SyrCLE intro - Message Center and rWiki

This fall we are planning to upgrade our instance of the Open Source Portfolio (v2.0) to Sakai/OSP 2.2.  

Our existing system, the Dialogue Project, has been running for almost as long as I have been here.  The Dialogue Project was meant to be a platform for connstructivist teaching strategies and it heavily relied on graded conversations as the primary means of assessment.  Faculty use has been changing during the past five years with more faculty electing to use "One to one" conversations in place of "Small group" conversations.  Whether this is in response to accreditation demands, time contraints, training or the relative effectiveness of small groups as a teaching strategy has not been determined.

Regardless, many changes were necessary to bring the system in line with current needs.  We elected to use Sakai as the platform for our new Collaborative Learning Environment.  The new system, as deployed, will be portfolio-centric and will:

  • Provide a set of tools for student portfolio building
  • Enhance traditional courseware tools with outcome data collection features in order to support institutional portfolio and program analysis.

We'll need to do some work to communicate the value of the new system over the incumbent system.  Whether or not faculty like it, many have gotten used to it and of course are not eager to switch.  At the least, they are not eager to be the first to switch.  Let someone else cut their teeth on it!
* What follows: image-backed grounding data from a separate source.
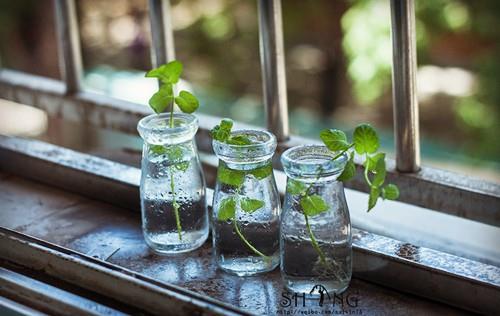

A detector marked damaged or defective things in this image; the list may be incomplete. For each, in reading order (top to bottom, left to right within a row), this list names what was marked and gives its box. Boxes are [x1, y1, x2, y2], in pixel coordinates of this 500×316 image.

rusty metal surface [0, 183, 468, 316]
rusty metal surface [0, 70, 498, 226]
rusty metal surface [0, 136, 500, 314]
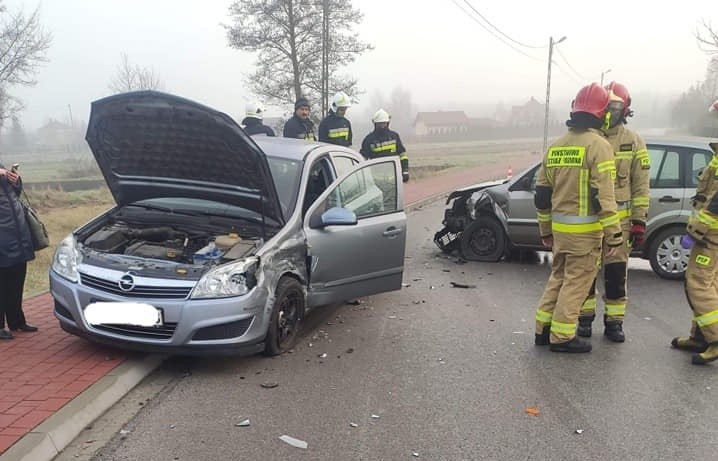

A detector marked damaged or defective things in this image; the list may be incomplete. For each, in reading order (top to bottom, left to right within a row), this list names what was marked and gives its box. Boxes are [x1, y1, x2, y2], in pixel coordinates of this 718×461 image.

crumpled car hood [86, 89, 284, 225]
damaged silver car [50, 90, 408, 356]
damaged silver car [436, 137, 716, 278]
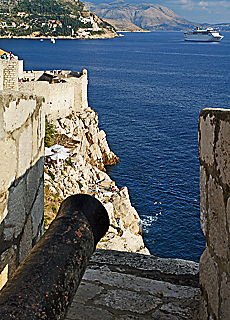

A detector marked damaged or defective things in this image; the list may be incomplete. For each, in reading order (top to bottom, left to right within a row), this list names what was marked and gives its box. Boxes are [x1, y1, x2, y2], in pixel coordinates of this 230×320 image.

rusty cannon barrel [0, 194, 109, 318]
dark rust texture [0, 194, 109, 318]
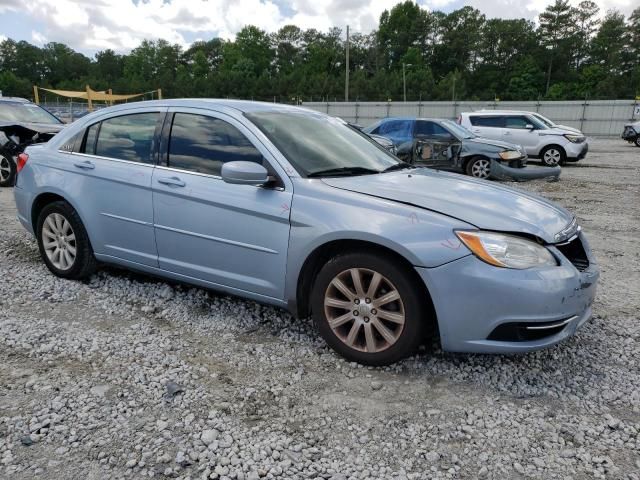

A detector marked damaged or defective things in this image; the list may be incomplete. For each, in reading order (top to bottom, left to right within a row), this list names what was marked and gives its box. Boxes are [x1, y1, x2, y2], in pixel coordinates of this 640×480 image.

dark damaged car [0, 96, 65, 187]
dark damaged car [364, 118, 560, 182]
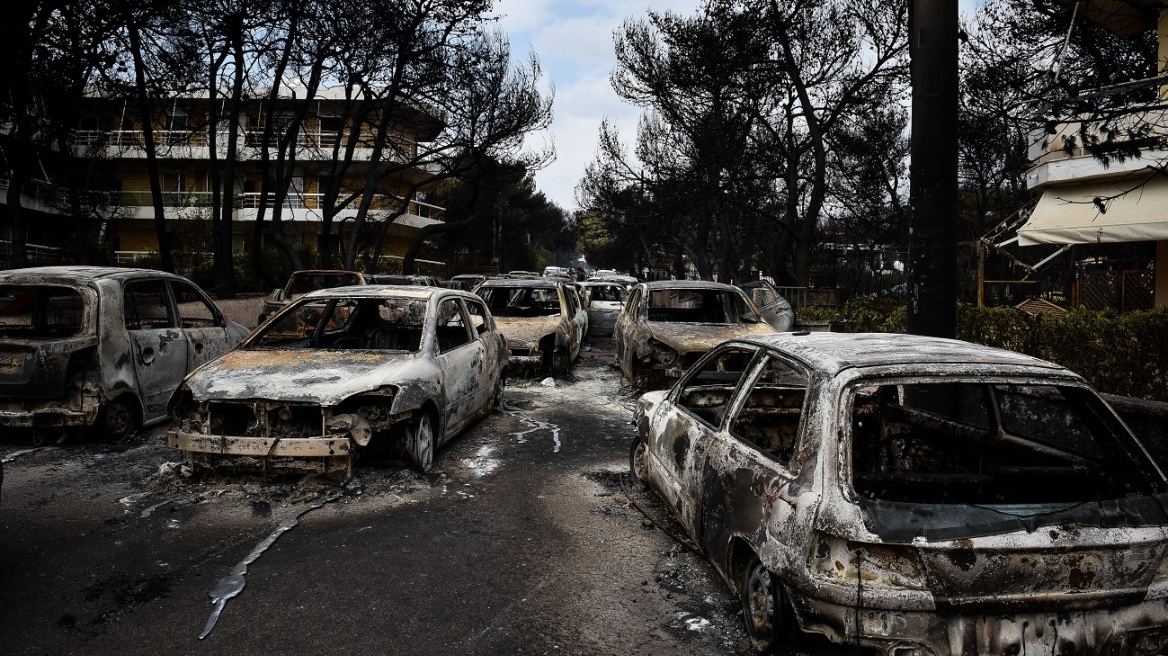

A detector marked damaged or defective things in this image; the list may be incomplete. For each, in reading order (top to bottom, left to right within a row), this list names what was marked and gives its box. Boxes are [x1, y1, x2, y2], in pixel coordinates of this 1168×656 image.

charred vehicle [0, 266, 246, 440]
burned car [0, 266, 246, 440]
abandoned vehicle [0, 266, 246, 440]
burned suv [0, 266, 246, 440]
destroyed sedan [0, 264, 246, 444]
abandoned vehicle [256, 270, 362, 326]
charred vehicle [258, 270, 362, 324]
burned car [258, 270, 362, 326]
abandoned vehicle [169, 284, 506, 474]
destroyed hatchback [169, 284, 506, 474]
burned car [170, 284, 506, 474]
charred vehicle [170, 284, 506, 474]
destroyed sedan [170, 284, 506, 474]
abandoned vehicle [472, 280, 584, 376]
destroyed sedan [472, 280, 584, 376]
charred vehicle [472, 278, 584, 380]
burned car [472, 278, 584, 380]
abandoned vehicle [576, 280, 624, 336]
charred vehicle [576, 280, 624, 338]
burned car [576, 280, 624, 338]
charred vehicle [612, 280, 776, 386]
abandoned vehicle [612, 280, 776, 386]
burned car [612, 280, 776, 386]
destroyed sedan [612, 280, 776, 386]
charred vehicle [636, 336, 1168, 652]
burned car [636, 334, 1168, 656]
destroyed sedan [636, 334, 1168, 656]
abandoned vehicle [636, 334, 1168, 656]
destroyed hatchback [636, 334, 1168, 656]
burned suv [636, 334, 1168, 656]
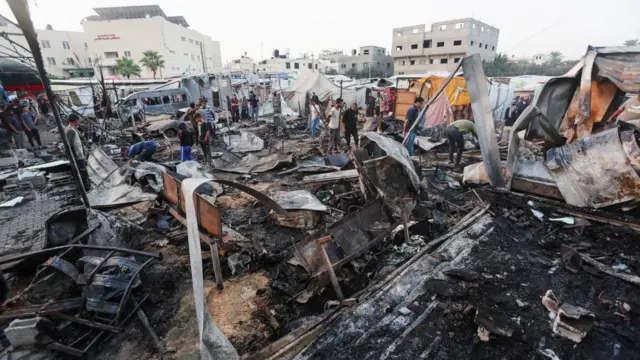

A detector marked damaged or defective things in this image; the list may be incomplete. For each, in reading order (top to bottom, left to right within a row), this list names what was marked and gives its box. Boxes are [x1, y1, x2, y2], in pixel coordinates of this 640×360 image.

damaged tent pole [7, 0, 91, 208]
damaged tent pole [460, 54, 504, 188]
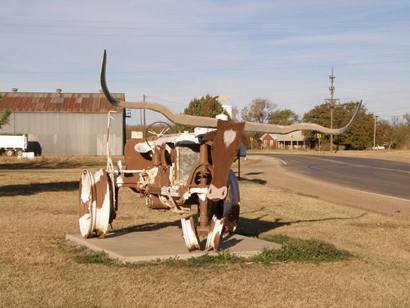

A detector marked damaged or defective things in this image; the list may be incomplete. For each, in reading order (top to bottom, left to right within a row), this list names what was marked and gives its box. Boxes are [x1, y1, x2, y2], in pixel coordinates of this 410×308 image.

rusty metal part [100, 50, 362, 135]
rusted steel frame [101, 50, 362, 135]
rusty metal part [78, 168, 113, 238]
rusty metal part [181, 215, 200, 251]
rusty metal part [205, 215, 224, 251]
Today I made a couple of screencasts of tools that we want to demonstrate to faculty:

  • Message Center (thank you very much IUPUI)is a very nice replacement for the default discussion tool in Sakai.  While it isn't a drop in replacement for Dialogue's conversation features, it should assuage the concerns of folks who saw the default discussion tool.  I can't overstate the importance of this tool for the School of Education's main tech users.
  • rWiki (CARET, University of Cambridge) strikes me as something that would be a very powerful and flexible freeform portfolio building tool.  Those institutions who think that portfolio tools are too constraining and too focused on learning outcomes should probably love this as an alternative.